> [PROBLEM TO WORK ON] The full listing, word for word and free of images, is the expected result.

> [DATA PROVIDED]
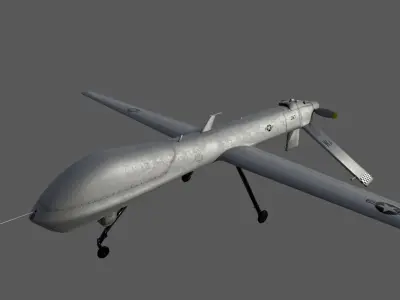 MQ-1A Predator UAV Low-poly 3D model
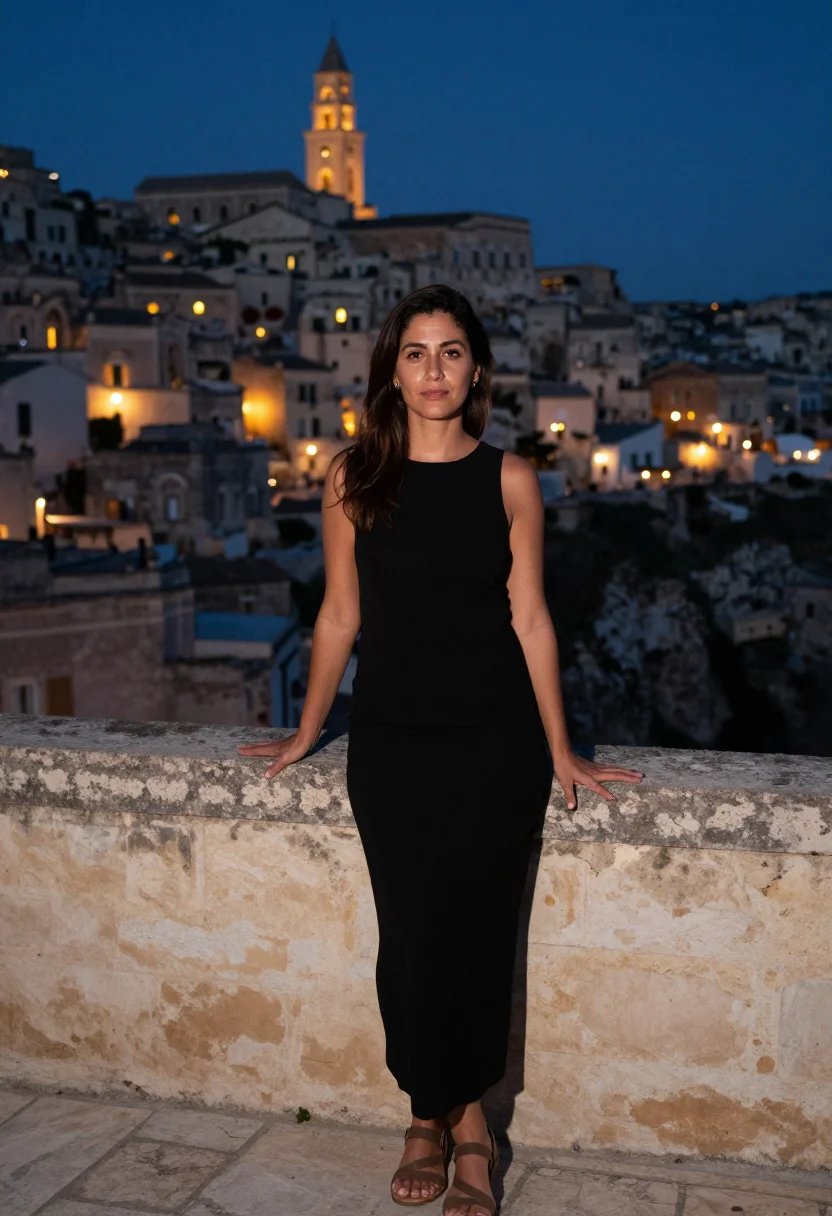 Example portrait from the AI Matera — Free Preview, Train Once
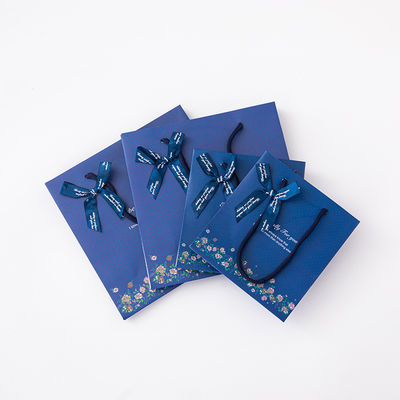Cardboard Gift Bag Jewelry Themed Paper Bag With Bowknot And Floral Patterns Ideal For Handbags Gift Returns And Shopping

> [SOLUTION TO THIS TASK]
 MQ-1A Predator UAV Low-poly 3D model
 Example portrait from the AI Matera — Free Preview, Train Once
Cardboard Gift Bag Jewelry Themed Paper Bag With Bowknot And Floral Patterns Ideal For Handbags Gift Returns And Shopping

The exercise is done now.